Les sentiments peuvent se figurer comme un cercle d'acier. La haine est séparée de l'amour comme les continents le sont au nord de l'hémisphère. Des détroits glacés d'une glace que l'on nomme tristesse, crépusculaires et périlleux permettent de vaquer de part et d'autre. Une bataille sanglante s'y déroule, faite d'offensives et de retraites, de trêves rompues, de faux accords de paix, de négociation d'unification transcendante qui terminent en massacres. Deldingé écrit le livre mais il est happé en tant que personnage par cette intrigue qui dégénère en torrent de violence. Il perd son omniscience. Il ne pourra plus combattre dans les détroits, ni chroniquer. Il est perdu. Son fantôme erre, dit-on, car il n'est pas tout à fait mort. Son traitement de texte est éteint, et à la question posée à son éditeur sur une suite, il n'y a nulle réponse apportée.
C'est alors que le livre s'achève, alors qu'il n'a jamais été écrit, que Deldingé n'existe pas, ni sa douce. Ou bien était-ce la réalité ? Ou sa symbolisation ? On ne le saura pas car on ne pourra pas retrouver Deldingé, et il semble que si l'on consent à dire que les choses n'ont pas eu lieu, alors c'est qu'elles n'ont pas eu lieu. Ce qui est un paradoxe, car une fiction, elle, et un fiction, et on ne peut lui retirer son caractère de fiction, sauf évidemment, dans des dystopies telles que Farheineit de Bradbury.
Le vrai est un moment du faux, le faux un moment du vrai. La fiction est plus réelle que le vrai si cela est souhaité, et la fiction n'est pas le faux. Même s'il y a, comme ici de fausses fictions.

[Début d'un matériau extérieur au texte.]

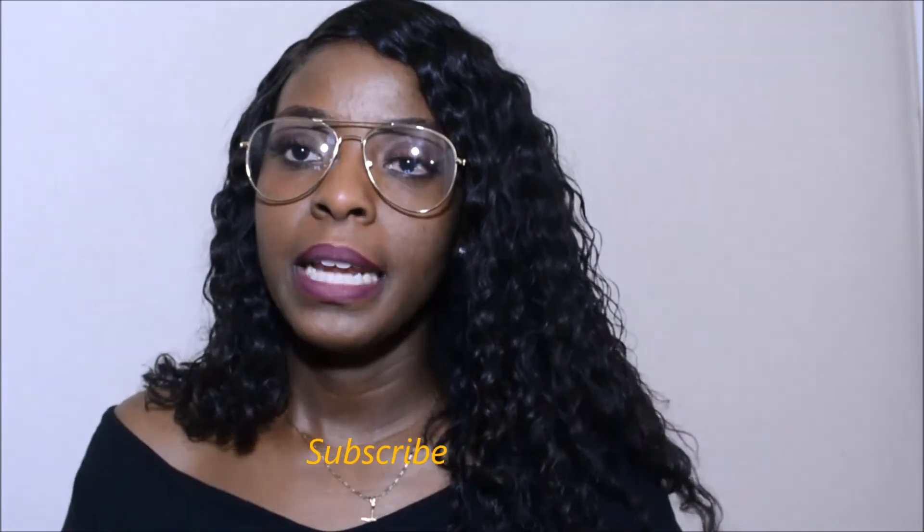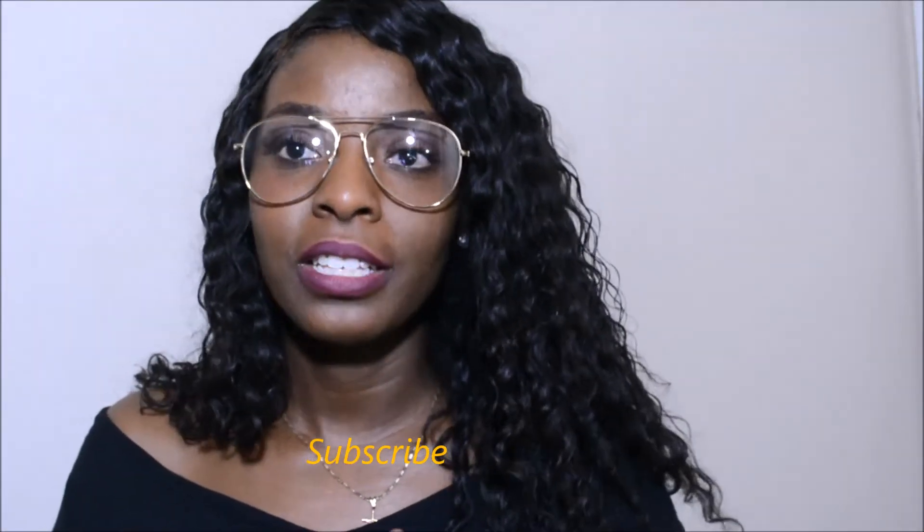What up YouTube, welcome back to my channel, it's your girl Snapback Cutie 29. I'm looking fabulous as ever — yes, I just boosted myself! Hi guys, if you're new to my channel make sure you click the subscribe button down below. I greatly appreciate y'all's love and support.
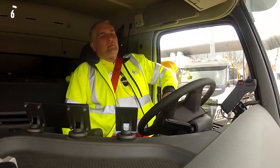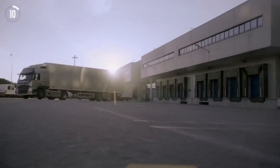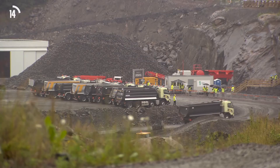Volvo Dynamic Steering is yet another world-class technical innovation from Volvo Trucks. Effortless and precise, it improves safety while reducing the risk of occupational injury.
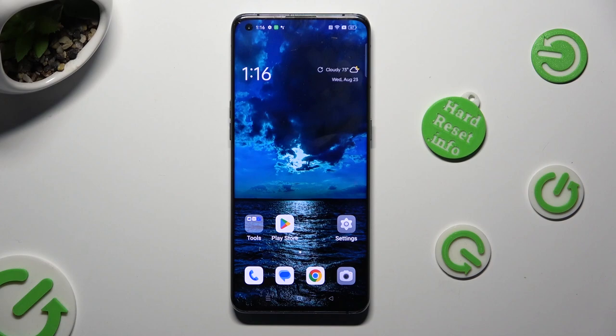Hi! In front of me is the OPPO Find X3 Pro and today I would like to show you how you can set up a screen lock.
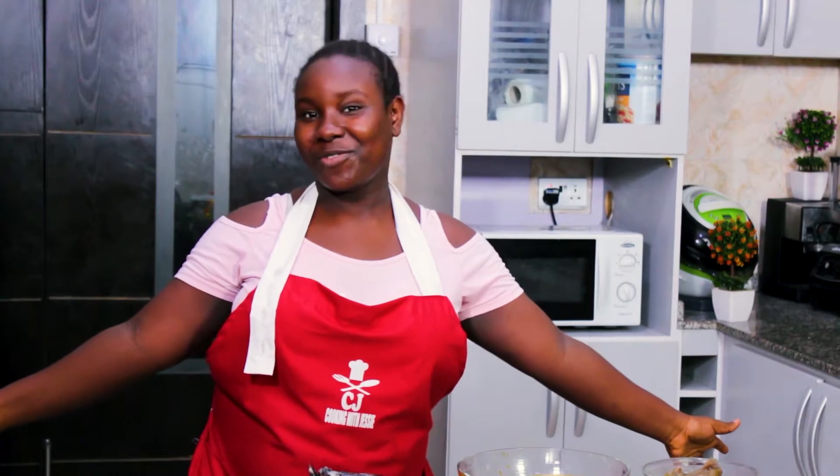Welcome to another episode of Cooking with Jesse! Today I'm making something delicious. Before I forget, I hope you guys have been watching my YouTube videos and checking out my Instagram and Facebook. Like I always say, remember to comment — suggestions and questions are very welcome. Today I'm making a southern favorite and a dish I really like, so let's go!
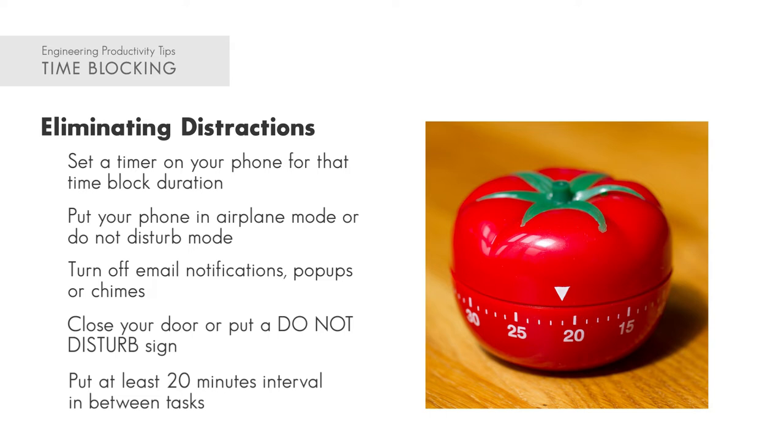Think about your brain as an actual physical muscle. Your brain just did an entire workout for up to 90 minutes in that first time block. You want to give it time to relax, time to cool down, time to build the muscle and synthesize the information before you throw it into another workout focusing on your next task. When you allow yourself that space, you'll begin to reduce mental fatigue and understand things at a deeper level because you have time to let the information set in.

C'est ainsi la critique d'un livre qui n'existe pas qui s'achève, mais aucun livre n'existe, phénoménologiquement, autrement que par sa dimension d'objet. Le contenu en est indécicable et il appartient autant à l'auteur qu'aux lecteurs. Umberto Eco, qui vient de nous quitter, et on lira ces lignes de blog comme un hommage, aussi, à sa mémoire, disait d'ailleurs qu'il suffit de créer une cosmologie pour qu'y vivent des personnages. Si l'envie leur en prend.